/NOT FOR DISSEMINATION IN THE UNITED STATES OR FOR DISTRIBUTION TO U.S.
NEWSWIRE SERVICES./
VANCOUVER, BC, May 16, 2022
/CNW/ - ECC Ventures 5 Corp. (the "Company" or
"ECC5") (TSXV: ECCV.P) is pleased to announce that, further
to its news release dated February 24,
2022, it has entered into a definitive arrangement agreement
(the "Arrangement Agreement") dated effective May 12, 2022, pursuant to which it will acquire
(the "Acquisition"), through its newly formed subsidiary,
1360621 B.C. Ltd.
("Acquireco"), all the issued and outstanding share capital
of Shelfie-Tech Ltd. ("Shelfie"). The Acquisition will
constitute a reverse take-over and the Company's qualifying
transaction under the policies of the TSX Venture Exchange (the
"Exchange"). Upon closing, ECC5 will change its name
to Shelfie-Tech Ltd.
The Acquisition will be completed by way of a plan of
arrangement, pursuant to which, inter alia, (i) ECC5 will
complete a share consolidation on a 1.5 to 1 basis (the
"Consolidation"), and (ii) shareholders of Shelfie will be
issued an aggregate of 87,338,348 post-Consolidation common shares
of ECC5 at a deemed price of $0.42
per share, as consideration in exchange for their shares of
Shelfie. Certain of the shares issued to Shelfie shareholders will
be subject to escrow and resale restrictions pursuant to the
policies of the Exchange.
The Company will also issue 150,000 post-Consolidation common
shares to an arm's length party, The Hayde Family Revocable Trust,
a trust controlled by William Hayde,
in connection with the Acquisition, at a deemed price of
$0.42 per share. The payment of
the finder's fee remains subject to Exchange acceptance.
Upon closing of the Acquisition, current securityholders of ECC5
will own 3,666,667 post-Consolidation common shares, 1,333,333 of
which will be subject to escrow provisions pursuant to the policies
of the Exchange, 133,333 agents options exercisable at $0.15 per post-Consolidation common share until
December 16, 2026, and 376,667 stock
options exercisable at $0.15 per
post-Consolidation common share exercisable until one year from
closing of the Acquisition, subject to the provisions of the
Company's stock option plan.
Shelfie is a private company incorporated on November 18, 2021 pursuant to the laws of
Israel. Shelfie's principal activities have been the
development of an artificial intelligence powered real time shelf
inventory analytics robotic platform.

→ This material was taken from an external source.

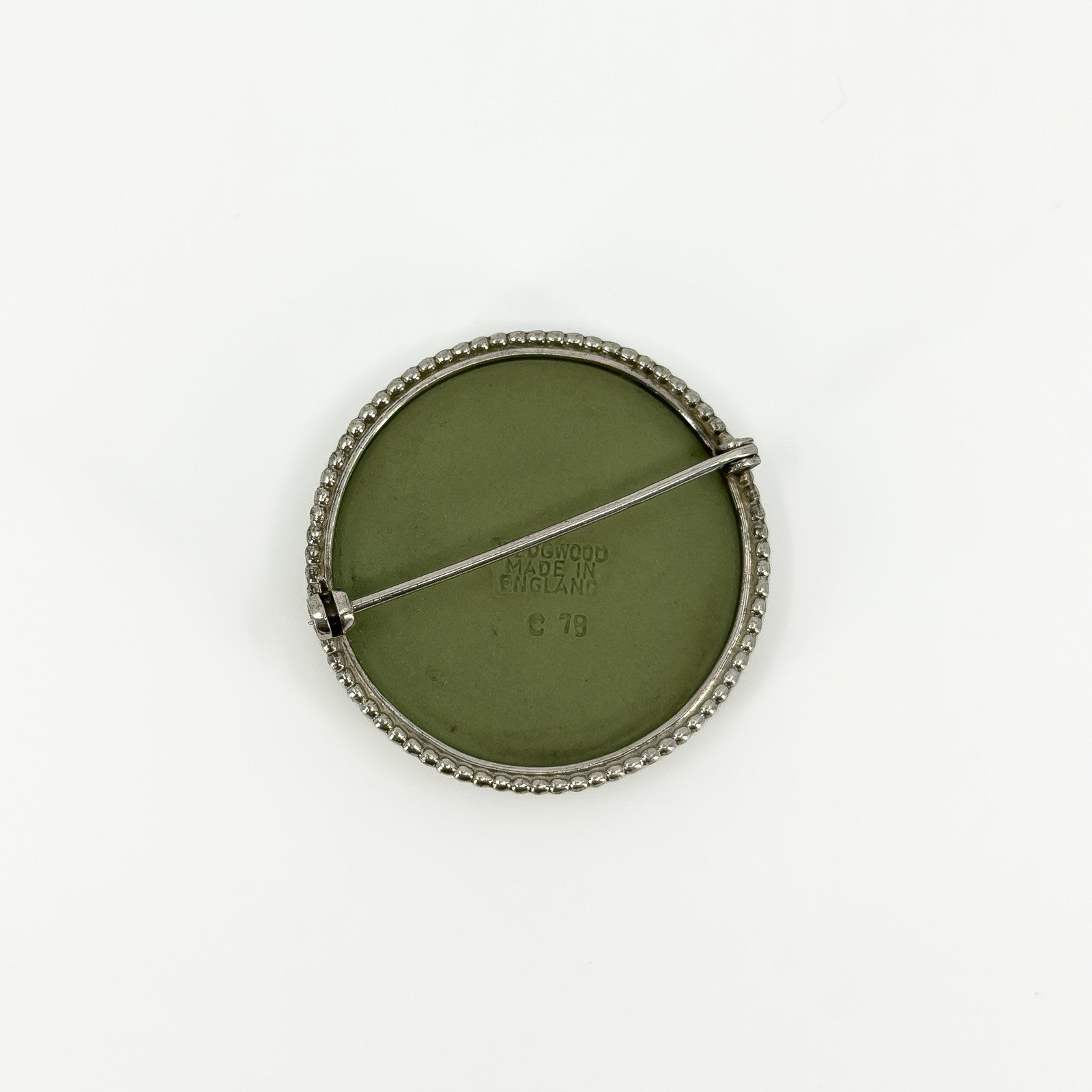 Vintage Sterling Silver Wedgewood Green Jasper Ware Cameo Brooch 925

Shelfie's innovative solution
consists of a digital image capturing system and a centralized
management system that provides real-time visibility into the
retail shelf supply, pinpointing the exact products running low on
inventory, allowing for rapid remediation and an enhanced customer
experience.
For the period of incorporation to December 31, 2021 (unaudited), Shelfie had assets
of US$602,392, liabilities of
US$84,858, working capital of
US$517,534, additional paid in
capital of US$626,993, and cash
received on account of shares (subscriptions receivable) of
US$594,827.
For more information regarding Shelfie, please visit its website
at www.shelfietech.com.
As a condition to completing the Acquisition, the parties intend
to complete a non-brokered private placement financing (the "QT
Financing") of subscription receipts through Acquireco
(collectively, the "Subscription Receipts"), to raise
minimum aggregate gross proceeds of US$2,000,000 to a maximum of US$6,000,000, through the issuance of a minimum
of 6,107,668 (maximum of 18,315,019) Subscription Receipts at a
price of $0.42 per Subscription
Receipt.
The proceeds of the QT Financing will be held in escrow, pending
the Company receiving all applicable regulatory approvals, and
completing all matters and conditions relating to the Acquisition,
including the Consolidation. Immediately prior to the
completion of the Acquisition, on satisfaction of the escrow
conditions, each Subscription Receipt will automatically be
exchanged, for no further consideration and with no further action
on the part of the holder thereof, to acquire one common share of
Acquireco. Each Acquireco common share issuable on exercise
of the Subscription Receipts will be exchanged for one common share
of the issuer resulting from the Acquisition (the "Resulting
Issuer") in connection with the Acquisition. In the event
that the Acquisition is not completed, each Subscription Receipt
will be cancelled, and the subscription funds will be returned to
the subscribers. The Company may pay a commission in
connection with the QT Financing, in accordance with the policies
of the Exchange. Once released from escrow, the Resulting
Issuer will use the proceeds of the QT Financing for
commercialization of the technology platform, and for general
working capital purposes.
Board of Directors and Management Changes
On completion of the Acquisition, the Company's Board of
Directors and management team will be reconstituted to include
three directors and management comprised of individuals listed
below from the current Shelfie team.
Bentsur Joseph, CEO, Chairman and Director
Bentsur Joseph is a serial entrepreneur with vast experience
establishing successful companies and expanding them into new
markets and industries. Among other roles, he has served as
Chairman of the international Elad Hotels chain, Director of MARLAZ
Holdings, with a portfolio of publicly traded industrial, real
estate, communications, and hi-tech companies, and as CEO of DIG
Ltd., which produces, and markets electric components sold
throughout Israel. With several
patents to his name, Bentsur Joseph is also currently the CEO and a
director of A2Z Smart Technologies Corp. (TSXV: A2Z) (NASDAQ: AZ),
a leading vendor of advanced retail technologies.
Alan Rootenberg, CFO
Alan Rootenberg is a chartered
professional accountant who has served as the Chief Financial
Officer of a number of publicly traded companies listed on the TSX,
TSX Venture Exchange, OTCBB and CSE. These companies include
mineral exploration, mining, technology and cannabis companies. Mr.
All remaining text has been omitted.